Freedom. I don’t want to say weird, but I guess being that free can be weird… In a good way. Ahh, dirty, and raw.
Who are your role models in music from back in the days?
Back to the whole Orange County thing, when you’re a kid living in that area, you grab on to any bit of culture you’re lucky enough to get exposed to. I grew up watching movies like Beat Street and Kids, while listening to Wu-Tang. I was kinda of amazed; drawn to city life, even though i knew nothing about it. It inspired me, and i was into a mix of everything from hiphop, punk.. b-boying, skateboarding.
What genre would you consider your music to be?
I can’t really say what genre. Its really a combination of everything, with a hip hop approach. I like psychedelic music, beats, hiphop, jazz to even pop and r&b. Essentially when you break it down, it’s electronic music, which is a much broader spectrum these days.
Do you see yourself as a role model nowadays?
I never really thought about it like that, but its definitely gratifying to hear that I have played a role in inspiring some.
What ‘new’ artists draw your attention that we should def check out?

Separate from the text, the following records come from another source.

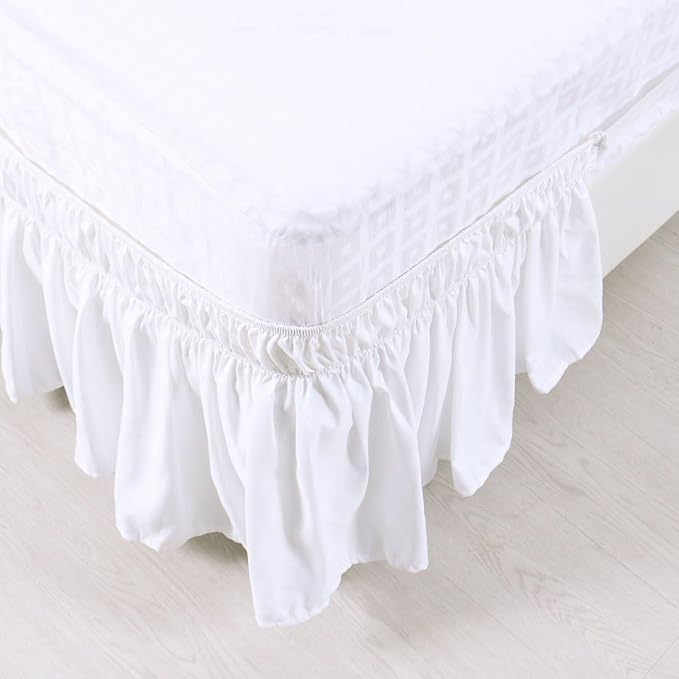 Bed Skirt - Wrap Around Bed Skirts Elastic Dust Ruffles, Easy Fit Wrinkle and Fade Resistant Luxurious Fabric Solid Color, White Full XXL Size Beds 15 Inch Drop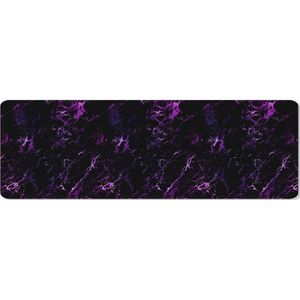 Muismat XXL - Bureau onderlegger - Bureau mat - Heelal - Marmer print - Paars - Patronen - 90x30 cm - XXL muismat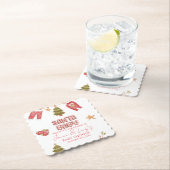 Santa Girl Boy Holiday Baby Shower Untersetzer (Vor Ort)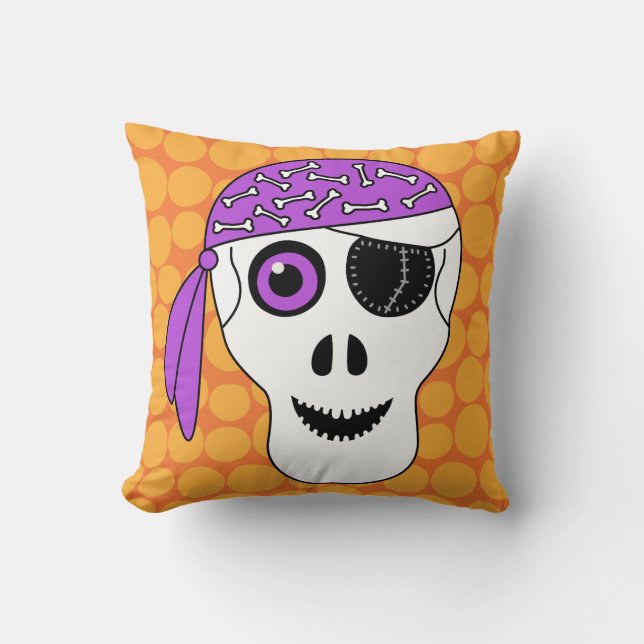 Halloween Pirate Skull Cushion (Front)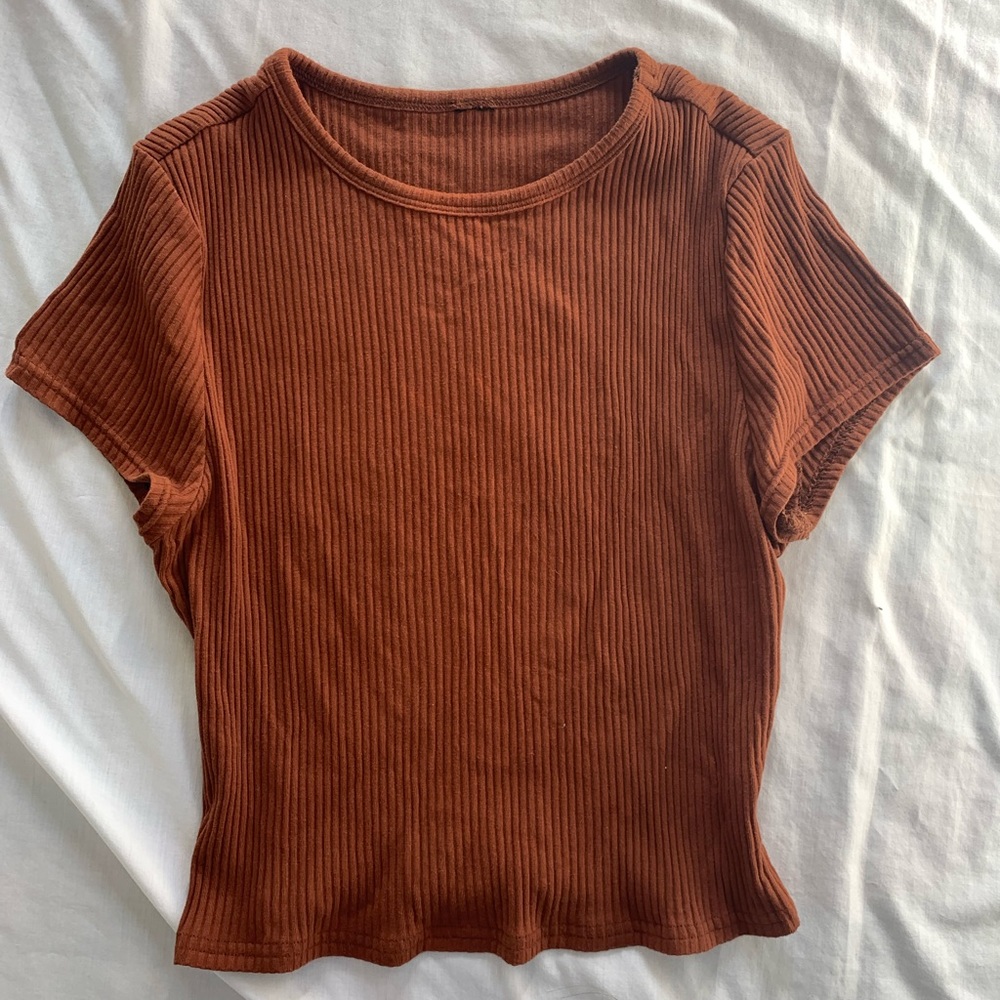 brown ribbed crop top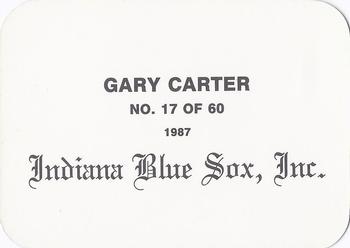 1987 Indiana Blue Sox (unlicensed) #17 Gary Carter Back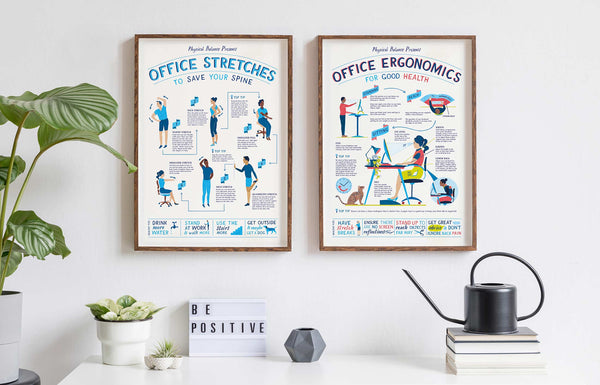Two framed posters on a wall with office stretches and ergonomics illustrations, surrounded by plants and decor.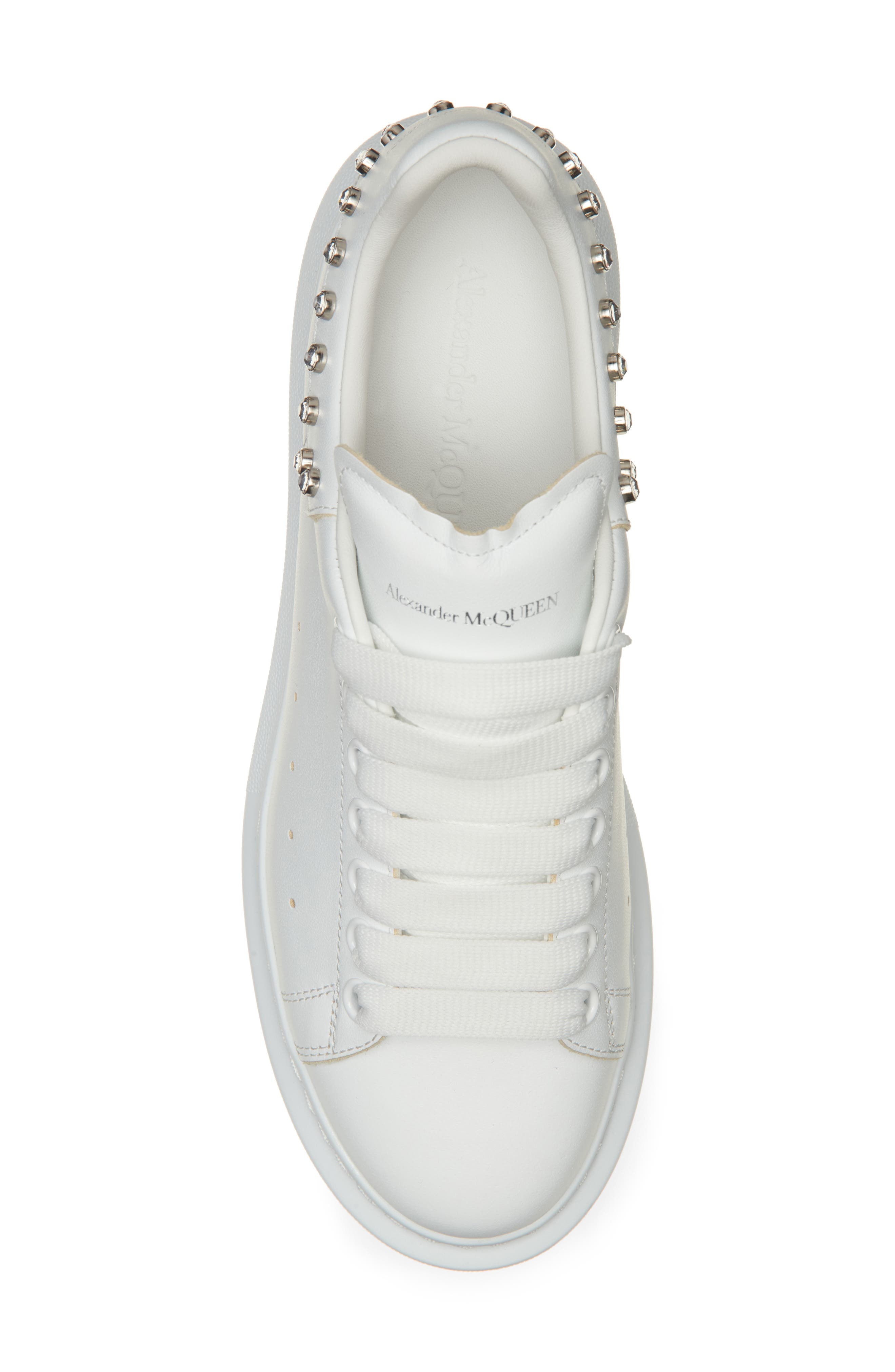 McQueen Oversized Crystal Embellished Sneaker in White/White/Crystal at Nordstrom - 5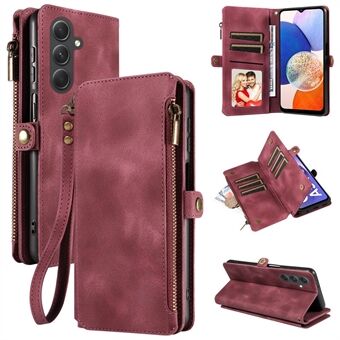 För Samsung Galaxy A14 4G / 5G Zipper Pocket Viewing Stand Plånbok Läderfodral Telefonskal med rem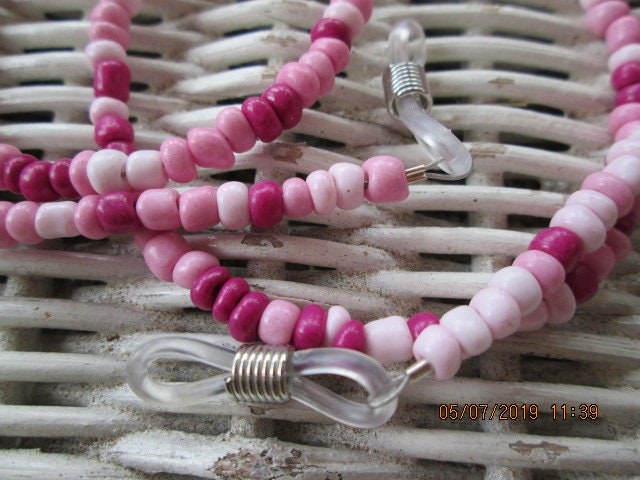 Handmade Pink Beaded Eyeglass Chain: Glass Seed Beads, 1038, detail 3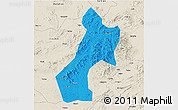 Political 3D Map of Pubei, shaded relief outside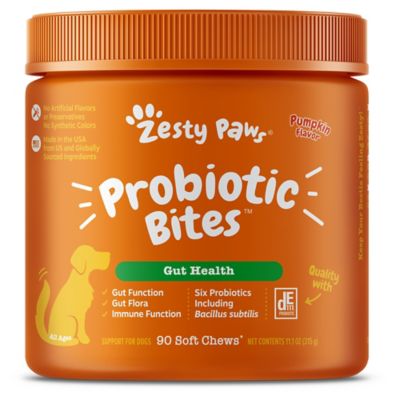 Zesty Paws Probiotic Bites Supplements for Dogs, Pumpkin Flavor, 90 ct.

Co.Fee. He’s always been one of my favorites, a bit under the radar right now. Jonwayne, off course, he’s just a genius in my book. This band called Feeding People whom I’ve worked with, the lead singer Jessie Jones is actually on the new Free The Robots record. The Soulection label, I really dig their sound as a whole. Leaving Records on the left field tip, for my left field moods… Kutmah and his new Izwid projects… The Burger Records label. There’s so much music right now, it’s insane.
What are your future plans and do you got anything else to say?
After I working with Feeding People I started collaborating with Jessie, the lead singer, and we want to do a whole project together. I also have some unfinished Psych / Ska type recordings with Ikey Owens that we’ve been waiting to finish. He was actually on one of the tracks of Control Alt Delete. I’m working on the new Free the Robots record as well. It’s planned for a release this year.